------ Collected material ------
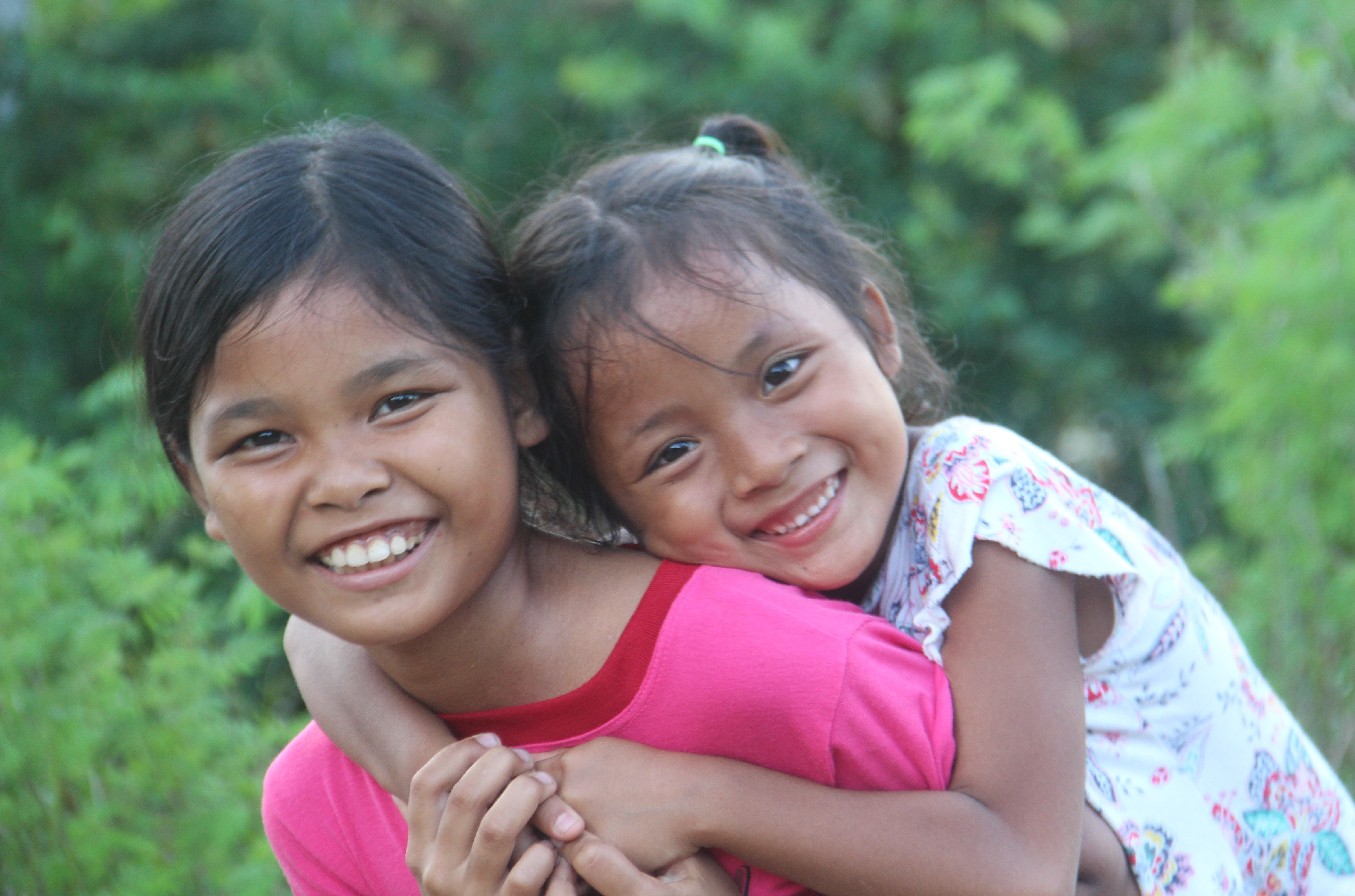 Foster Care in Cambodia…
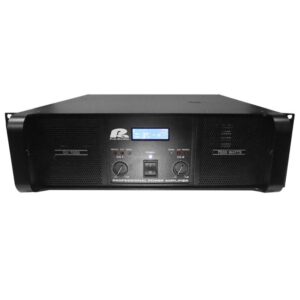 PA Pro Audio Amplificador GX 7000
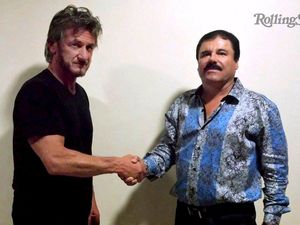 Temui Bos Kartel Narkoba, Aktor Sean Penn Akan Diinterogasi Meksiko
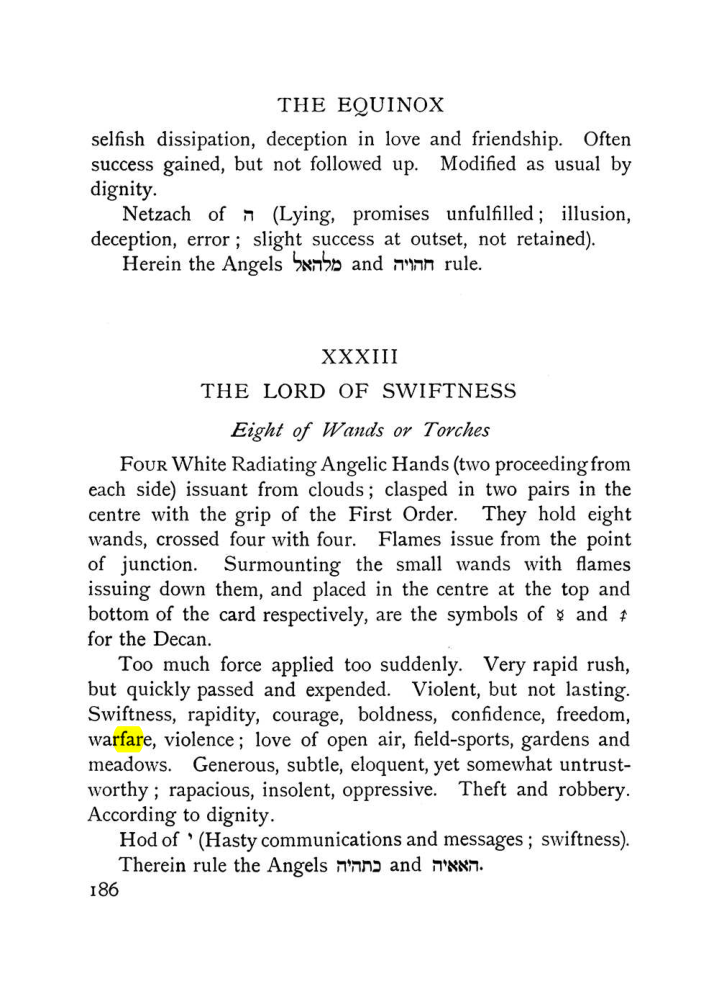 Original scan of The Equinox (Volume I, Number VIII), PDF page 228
------
* To do *
With the pictures left out, return the listing above exactly as it stands.

* Response to this exercise *
 Foster Care in Cambodia…
 PA Pro Audio Amplificador GX 7000
 Temui Bos Kartel Narkoba, Aktor Sean Penn Akan Diinterogasi Meksiko
 Original scan of The Equinox (Volume I, Number VIII), PDF page 228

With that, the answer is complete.